**Exercise:** Every line of the material needs an exact copy, apart from the images.
(Source material Opens)
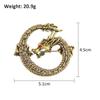 Men Vintage Crystal Dragon Brooch Pin Rhinestone Brooches Gold Tone Lapel Gifts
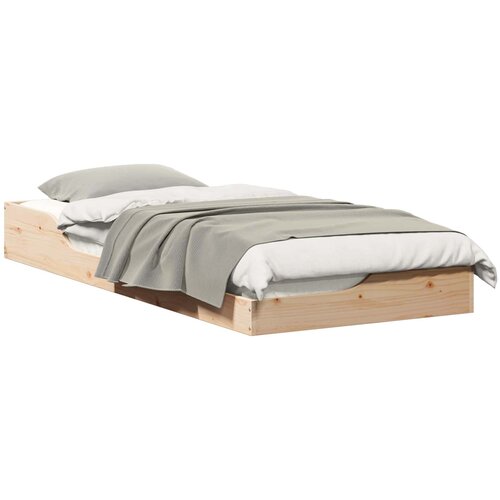 vidaXL Konstrukcija postelje Rjava 90 x 210 cm Masivno borovo les, (5000127491) Cene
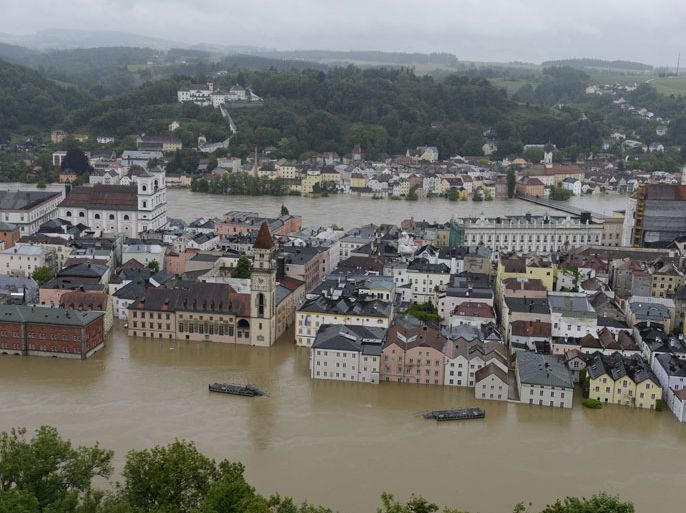 The rivers Inn (back) and Danube flood the old city of Passau, southern Germany, on June 3, 2013. Due to heavy and ongoing rainfalls, parts of the southern state of Bavaria were flooded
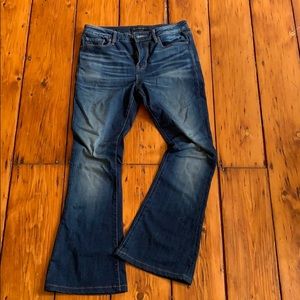 Flare-legged denim jeans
(Source material Closes)
**Solution to this exercise:**
 Men Vintage Crystal Dragon Brooch Pin Rhinestone Brooches Gold Tone Lapel Gifts
 vidaXL Konstrukcija postelje Rjava 90 x 210 cm Masivno borovo les, (5000127491) Cene
 The rivers Inn (back) and Danube flood the old city of Passau, southern Germany, on June 3, 2013. Due to heavy and ongoing rainfalls, parts of the southern state of Bavaria were flooded
 Flare-legged denim jeans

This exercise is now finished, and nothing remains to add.